Only the lines below from the one with "Soybean oil processing" through the one with "LL Bean US size" are to be written out, exactly and without any images.

(Input material begins)

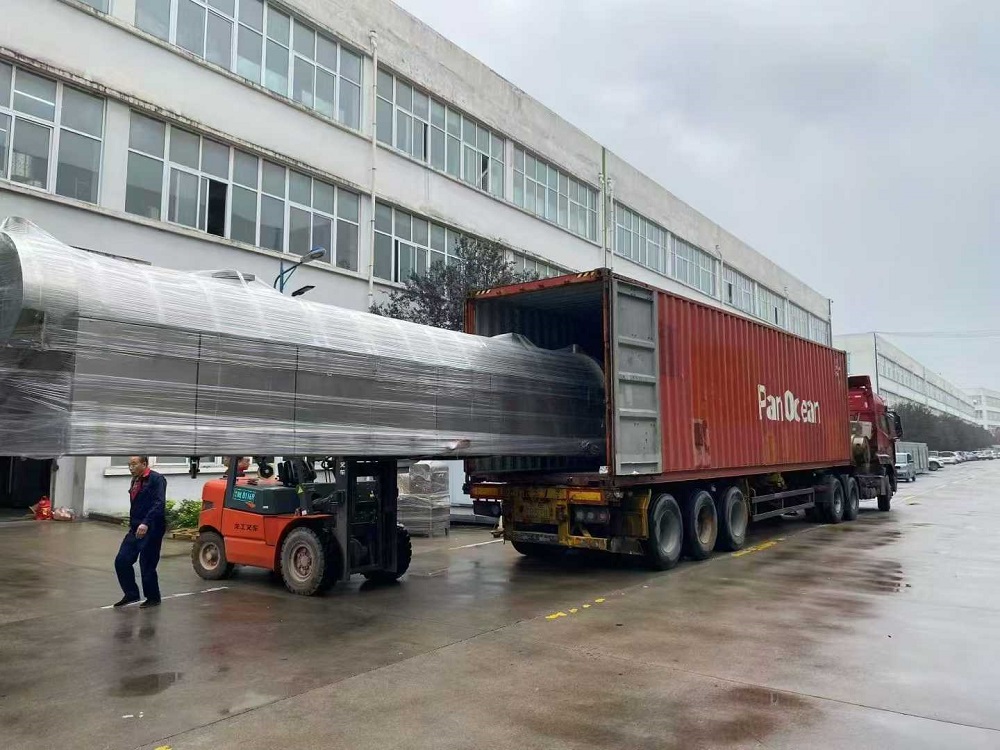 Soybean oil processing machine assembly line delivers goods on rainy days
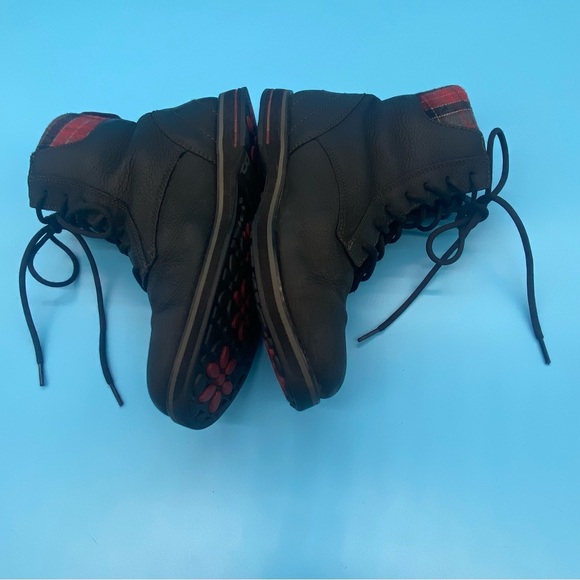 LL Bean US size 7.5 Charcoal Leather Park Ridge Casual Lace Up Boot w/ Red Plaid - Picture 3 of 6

(Input material ends)
(Input material begins)

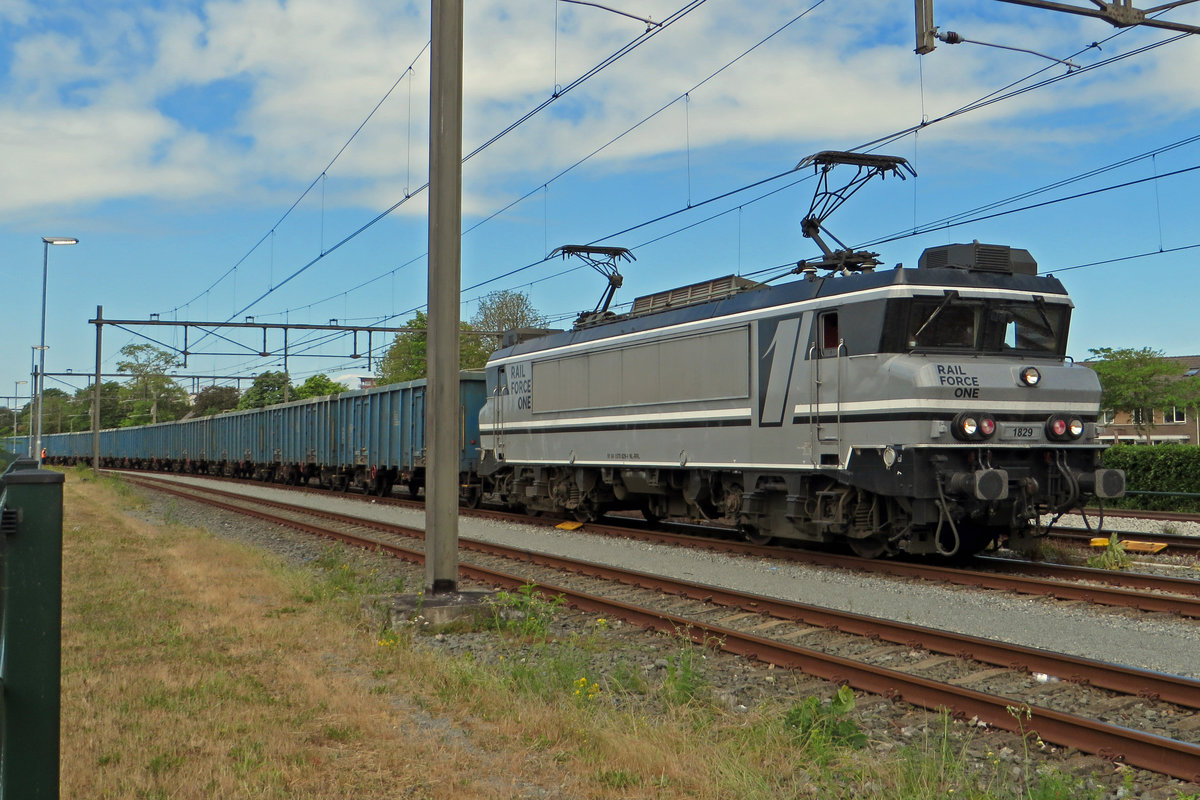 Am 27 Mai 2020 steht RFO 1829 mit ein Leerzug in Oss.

(Input material ends)
(Input material begins)

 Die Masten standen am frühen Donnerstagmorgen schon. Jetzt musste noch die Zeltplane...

(Input material ends)

§ **Solution**:
 Soybean oil processing machine assembly line delivers goods on rainy days
 LL Bean US size 7.5 Charcoal Leather Park Ridge Casual Lace Up Boot w/ Red Plaid - Picture 3 of 6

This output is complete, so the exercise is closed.